Records from a collection
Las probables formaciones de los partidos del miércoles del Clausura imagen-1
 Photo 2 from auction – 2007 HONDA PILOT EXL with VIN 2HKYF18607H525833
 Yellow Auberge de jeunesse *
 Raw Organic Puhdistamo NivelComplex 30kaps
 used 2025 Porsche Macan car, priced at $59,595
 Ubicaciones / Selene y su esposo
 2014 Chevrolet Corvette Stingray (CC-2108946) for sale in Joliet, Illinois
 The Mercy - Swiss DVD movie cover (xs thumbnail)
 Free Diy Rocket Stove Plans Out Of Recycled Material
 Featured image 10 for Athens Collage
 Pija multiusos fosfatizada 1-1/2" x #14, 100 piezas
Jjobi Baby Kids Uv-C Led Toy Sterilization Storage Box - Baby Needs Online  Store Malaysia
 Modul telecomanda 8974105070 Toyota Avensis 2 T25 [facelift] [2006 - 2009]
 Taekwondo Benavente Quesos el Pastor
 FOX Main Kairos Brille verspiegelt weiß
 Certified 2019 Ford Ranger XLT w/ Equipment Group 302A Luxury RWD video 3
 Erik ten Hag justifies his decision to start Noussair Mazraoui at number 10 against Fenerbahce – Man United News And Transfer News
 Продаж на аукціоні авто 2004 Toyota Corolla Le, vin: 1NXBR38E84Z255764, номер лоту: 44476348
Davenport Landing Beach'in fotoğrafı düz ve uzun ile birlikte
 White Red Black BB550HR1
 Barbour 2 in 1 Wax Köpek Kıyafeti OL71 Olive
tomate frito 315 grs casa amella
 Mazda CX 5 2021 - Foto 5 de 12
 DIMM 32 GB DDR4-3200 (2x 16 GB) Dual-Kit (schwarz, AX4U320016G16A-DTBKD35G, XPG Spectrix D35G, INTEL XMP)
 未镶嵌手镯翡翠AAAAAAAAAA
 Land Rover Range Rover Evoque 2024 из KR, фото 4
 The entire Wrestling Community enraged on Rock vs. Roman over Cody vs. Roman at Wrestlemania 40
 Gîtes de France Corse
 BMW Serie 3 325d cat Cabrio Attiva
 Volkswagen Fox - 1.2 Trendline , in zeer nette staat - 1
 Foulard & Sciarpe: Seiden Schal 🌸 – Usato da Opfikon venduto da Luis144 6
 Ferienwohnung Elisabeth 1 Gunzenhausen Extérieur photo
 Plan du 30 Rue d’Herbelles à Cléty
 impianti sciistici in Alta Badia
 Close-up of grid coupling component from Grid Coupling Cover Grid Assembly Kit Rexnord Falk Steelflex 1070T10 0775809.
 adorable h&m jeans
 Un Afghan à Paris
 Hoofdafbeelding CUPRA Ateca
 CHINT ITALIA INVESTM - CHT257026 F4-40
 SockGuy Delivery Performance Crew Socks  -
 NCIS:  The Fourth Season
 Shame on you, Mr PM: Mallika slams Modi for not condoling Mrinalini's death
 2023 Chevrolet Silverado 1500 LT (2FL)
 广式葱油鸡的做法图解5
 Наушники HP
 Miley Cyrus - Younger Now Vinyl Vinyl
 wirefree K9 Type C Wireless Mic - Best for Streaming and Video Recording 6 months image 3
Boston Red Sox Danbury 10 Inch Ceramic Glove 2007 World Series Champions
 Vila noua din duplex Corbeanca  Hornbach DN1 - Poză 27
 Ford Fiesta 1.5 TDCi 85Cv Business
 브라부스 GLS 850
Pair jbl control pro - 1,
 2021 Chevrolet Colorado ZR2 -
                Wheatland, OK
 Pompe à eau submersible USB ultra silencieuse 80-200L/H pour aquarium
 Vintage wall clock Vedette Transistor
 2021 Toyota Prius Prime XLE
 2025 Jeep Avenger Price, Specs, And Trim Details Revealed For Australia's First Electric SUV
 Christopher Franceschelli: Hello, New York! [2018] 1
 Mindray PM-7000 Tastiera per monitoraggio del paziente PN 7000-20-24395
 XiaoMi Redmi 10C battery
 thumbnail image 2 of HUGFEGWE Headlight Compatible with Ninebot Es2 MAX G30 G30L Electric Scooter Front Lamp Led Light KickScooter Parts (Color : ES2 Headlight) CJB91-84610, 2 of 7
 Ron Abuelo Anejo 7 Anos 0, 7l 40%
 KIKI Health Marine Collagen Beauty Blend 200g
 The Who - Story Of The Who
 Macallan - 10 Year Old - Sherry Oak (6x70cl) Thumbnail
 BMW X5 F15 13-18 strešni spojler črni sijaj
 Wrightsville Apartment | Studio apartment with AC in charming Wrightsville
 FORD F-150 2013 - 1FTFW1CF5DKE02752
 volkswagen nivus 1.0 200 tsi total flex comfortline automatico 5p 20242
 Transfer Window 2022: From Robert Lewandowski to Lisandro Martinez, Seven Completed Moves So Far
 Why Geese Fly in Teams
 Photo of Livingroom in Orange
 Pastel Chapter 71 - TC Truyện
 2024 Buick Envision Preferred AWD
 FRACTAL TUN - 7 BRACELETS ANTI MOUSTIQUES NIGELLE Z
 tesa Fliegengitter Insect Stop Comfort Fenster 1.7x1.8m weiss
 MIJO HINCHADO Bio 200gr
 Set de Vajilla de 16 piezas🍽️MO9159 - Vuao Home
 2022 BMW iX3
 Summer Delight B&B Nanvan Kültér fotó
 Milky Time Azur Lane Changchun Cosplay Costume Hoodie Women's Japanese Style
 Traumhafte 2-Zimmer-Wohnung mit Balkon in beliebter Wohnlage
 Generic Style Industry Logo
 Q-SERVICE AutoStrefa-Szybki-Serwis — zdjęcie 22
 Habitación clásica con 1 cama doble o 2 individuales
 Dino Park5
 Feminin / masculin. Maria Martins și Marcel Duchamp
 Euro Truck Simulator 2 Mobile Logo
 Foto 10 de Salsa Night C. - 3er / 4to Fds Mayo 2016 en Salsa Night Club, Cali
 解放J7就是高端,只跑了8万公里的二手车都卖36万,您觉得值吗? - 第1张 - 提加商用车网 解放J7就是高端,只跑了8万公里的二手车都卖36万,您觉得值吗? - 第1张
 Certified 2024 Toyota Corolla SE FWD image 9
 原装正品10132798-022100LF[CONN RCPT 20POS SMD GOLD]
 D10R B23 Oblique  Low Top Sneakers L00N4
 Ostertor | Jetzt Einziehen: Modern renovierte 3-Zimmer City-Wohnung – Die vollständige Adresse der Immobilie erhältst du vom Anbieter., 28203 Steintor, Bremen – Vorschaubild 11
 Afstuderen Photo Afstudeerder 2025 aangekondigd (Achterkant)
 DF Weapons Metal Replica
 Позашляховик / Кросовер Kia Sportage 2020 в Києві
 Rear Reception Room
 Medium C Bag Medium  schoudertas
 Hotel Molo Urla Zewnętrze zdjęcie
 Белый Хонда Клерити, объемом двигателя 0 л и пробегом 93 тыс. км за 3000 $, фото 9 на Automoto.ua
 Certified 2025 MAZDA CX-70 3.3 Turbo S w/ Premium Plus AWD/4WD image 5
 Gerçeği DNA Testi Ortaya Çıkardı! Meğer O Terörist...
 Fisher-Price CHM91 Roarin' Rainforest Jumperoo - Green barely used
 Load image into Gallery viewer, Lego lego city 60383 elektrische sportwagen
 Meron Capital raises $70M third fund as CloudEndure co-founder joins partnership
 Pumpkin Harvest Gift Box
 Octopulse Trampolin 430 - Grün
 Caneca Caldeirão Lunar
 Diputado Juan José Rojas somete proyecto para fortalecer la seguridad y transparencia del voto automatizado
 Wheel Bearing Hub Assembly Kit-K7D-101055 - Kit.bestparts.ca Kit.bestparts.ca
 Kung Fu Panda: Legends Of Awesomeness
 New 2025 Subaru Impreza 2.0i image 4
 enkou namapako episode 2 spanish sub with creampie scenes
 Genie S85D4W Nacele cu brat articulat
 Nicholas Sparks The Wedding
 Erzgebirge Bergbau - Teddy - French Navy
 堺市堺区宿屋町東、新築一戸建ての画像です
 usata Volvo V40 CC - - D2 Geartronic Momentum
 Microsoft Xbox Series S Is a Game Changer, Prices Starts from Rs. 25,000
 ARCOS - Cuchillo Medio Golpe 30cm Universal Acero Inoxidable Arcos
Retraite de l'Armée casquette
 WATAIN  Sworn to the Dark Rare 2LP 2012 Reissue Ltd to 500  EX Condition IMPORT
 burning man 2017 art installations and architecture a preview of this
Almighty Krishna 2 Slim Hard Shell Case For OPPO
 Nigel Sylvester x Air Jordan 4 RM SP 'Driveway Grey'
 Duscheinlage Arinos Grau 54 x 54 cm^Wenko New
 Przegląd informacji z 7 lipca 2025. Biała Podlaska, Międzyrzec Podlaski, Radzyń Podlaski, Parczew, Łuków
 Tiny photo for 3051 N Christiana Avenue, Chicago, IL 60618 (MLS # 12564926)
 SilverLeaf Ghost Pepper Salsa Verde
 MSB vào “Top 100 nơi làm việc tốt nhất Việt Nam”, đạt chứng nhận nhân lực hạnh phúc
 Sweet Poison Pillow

▸ THE PROBLEM: Lines from the top of the data above through the line containing "2014 Chevrolet Corvette" must be repeated exactly. All other lines stay out.

▸ EXERCISE RESULT:
Las probables formaciones de los partidos del miércoles del Clausura imagen-1
 Photo 2 from auction – 2007 HONDA PILOT EXL with VIN 2HKYF18607H525833
 Yellow Auberge de jeunesse *
 Raw Organic Puhdistamo NivelComplex 30kaps
 used 2025 Porsche Macan car, priced at $59,595
 Ubicaciones / Selene y su esposo
 2014 Chevrolet Corvette Stingray (CC-2108946) for sale in Joliet, Illinois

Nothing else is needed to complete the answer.